Pese al impulso de las manifestaciones, la dificultad para conseguir esas aspiraciones radica en su espontaneidad, sin organización estratégica ni partido político que las guíe a buen término, negociando una etapa de transición que culmine en elecciones limpias, con resultados legítimos, cuyas nuevas autoridades se aboquen a construir estructuras sociales e institucionales propias del sistema democrático.
Egipto no tiene tradición democrática e irónicamente percibimos que tras los primeros días de la rebelión de los jóvenes en busca de libertad, el movimiento islamista Hermandad Musulmana que se hallaba agazapado, observando el desarrollo de la crisis, comenzó a capitalizar los logros de la juventud egipcia.
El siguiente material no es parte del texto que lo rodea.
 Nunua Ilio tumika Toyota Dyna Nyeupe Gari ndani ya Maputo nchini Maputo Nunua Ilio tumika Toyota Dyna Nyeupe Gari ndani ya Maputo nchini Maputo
De hecho, los reclamos originales están cediendo lugar a dogmas; entre los manifestantes hay cambios: mujeres íntegramente cubiertas y hombres barbu- dos, quienes declaran: "Odiamos a Israel y si Mubarak no está, lo destruiremos", "Israel maneja a EEUU"; un odio que no guarda relación con los genuinos reclamos del estallido inicial.
El líder opositor iraní Husein Musaví advierte: "Hace treinta años, la oposición laica también salió a las calles de Irán para demandar más libertad y democracia, pero al final los religiosos aprovecharon la coyuntura y se quedaron con el poder". La experiencia iraní nos hace temer por el futuro de Egipto.